Before even knowing she would face Swiatek, Gauff spoke about hoping for that opportunity. She insisted she wanted another shot at Swiatek, who has topped the rankings for more than a year.
Gauff tried some new tactics, with a measure of success early, looping high-arcing, high-bouncing shots, instead of her standard big hitting.
“I didn’t win, so it didn’t work, but I think on certain points it did,” Gauff said. “But, yeah, I have to figure something out.”
This one was even early, at 4-4 in the first set, before Swiatek edged ahead. First she held, then she broke at love, smacking a cross-court forehand to own that set, then raising her right fist and shaking it.
Swiatek’s heavy-topspin forehand is probably her best shot. That also happens to be Gauff’s weaker side. A glance at the stats demonstrated the disparity: Swiatek finished with a 12-1 advantage in forehand winners.
After dusting herself off when she got hit by the ball in the second set — “Sometimes being in clay, it feels like you’re just out there doing dirty work,” Swiatek would say later — she lifted her play.
And it was Gauff, wearing a bandage on her right knee after scraping it in her previous match, who began having trouble with shot selection and execution. By the end, Gauff had far more unforced errors, 23, than winners, 13.

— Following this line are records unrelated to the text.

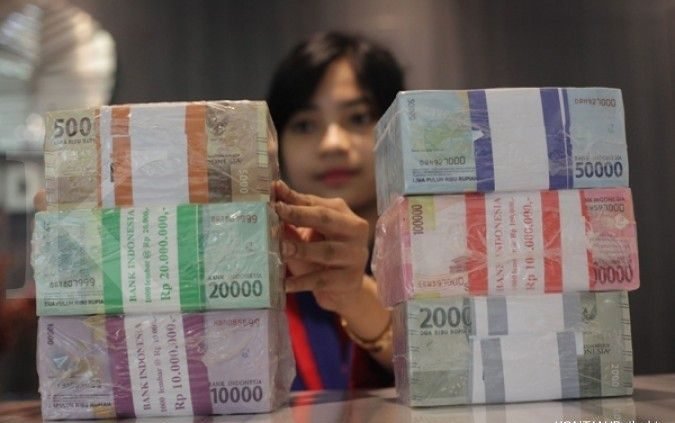 Tentu, mari kita telaah lanskap ekonomi internasional saat ini.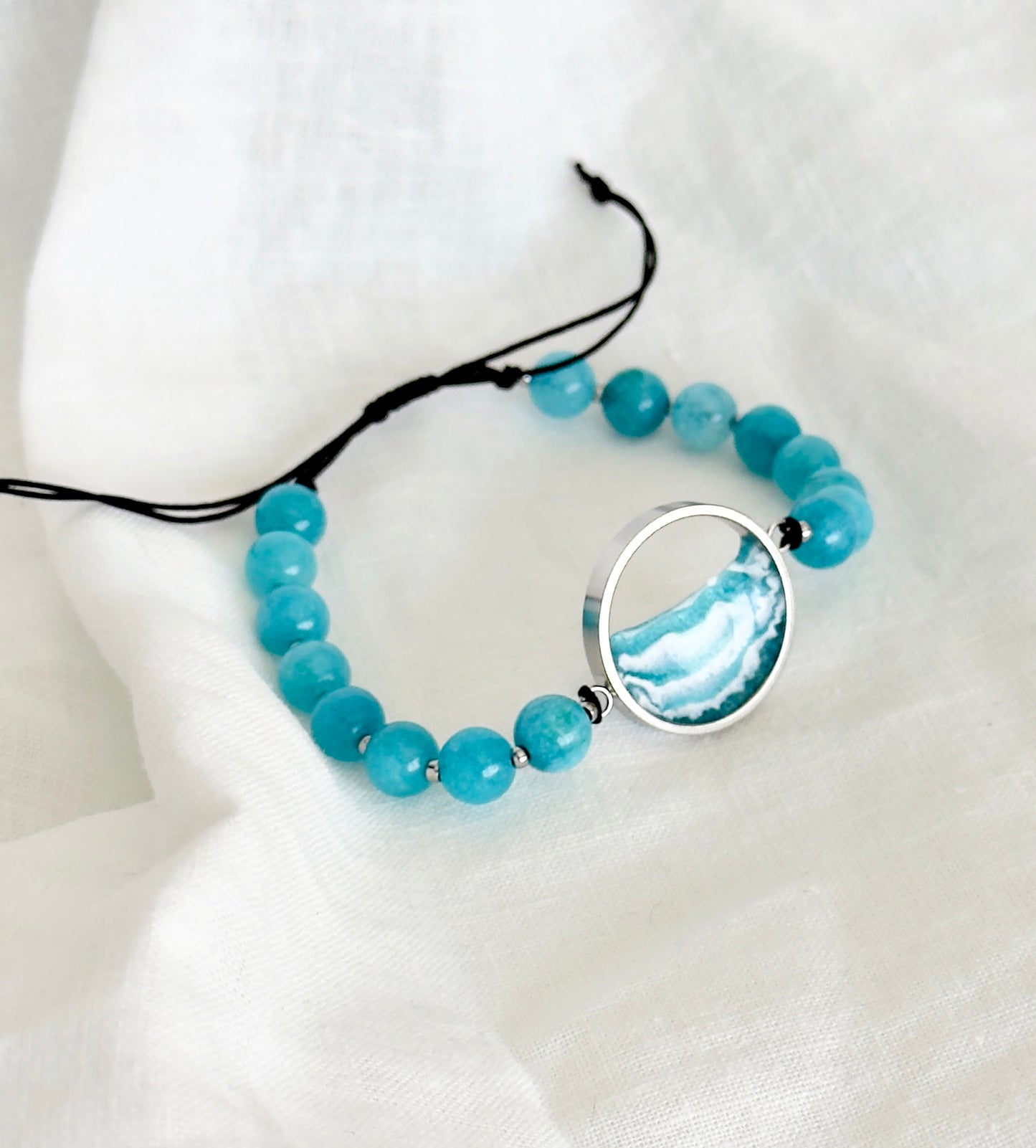 Bracelet with the sea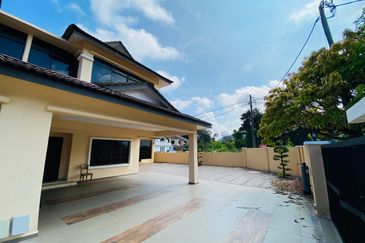 For Sale [Balinese Design Full Renovation] Corner Lot 2-Storey Semi D @ Pantai Pelindung, Kuantan, Pahang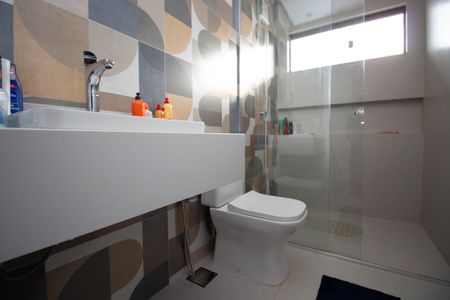 Casa de condomínio para alugar com 390m², 4 quartos e 6 vagasBanheiro da Suíte 2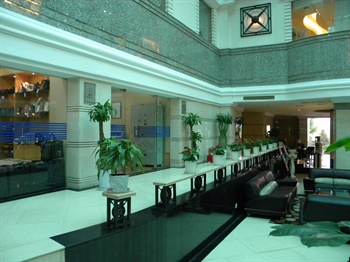  - Taiyuan Jinnian Hotel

Yet to drop a set in the tournament, Swiatek broke to go up 4-2 in the second with the help of a double-fault, and again in the last game with the help of another double-fault.
Gauff was told at her news conference that she didn’t seem quite as crestfallen as she appeared to be after a fourth-round loss at the Australian Open in January.
“I wouldn’t say I’m more at peace. To be honest, I’m still very frustrated, but I guess I’m trying not to show it as much,” Gauff said. “Yeah, I don’t want those pictures on the internet.”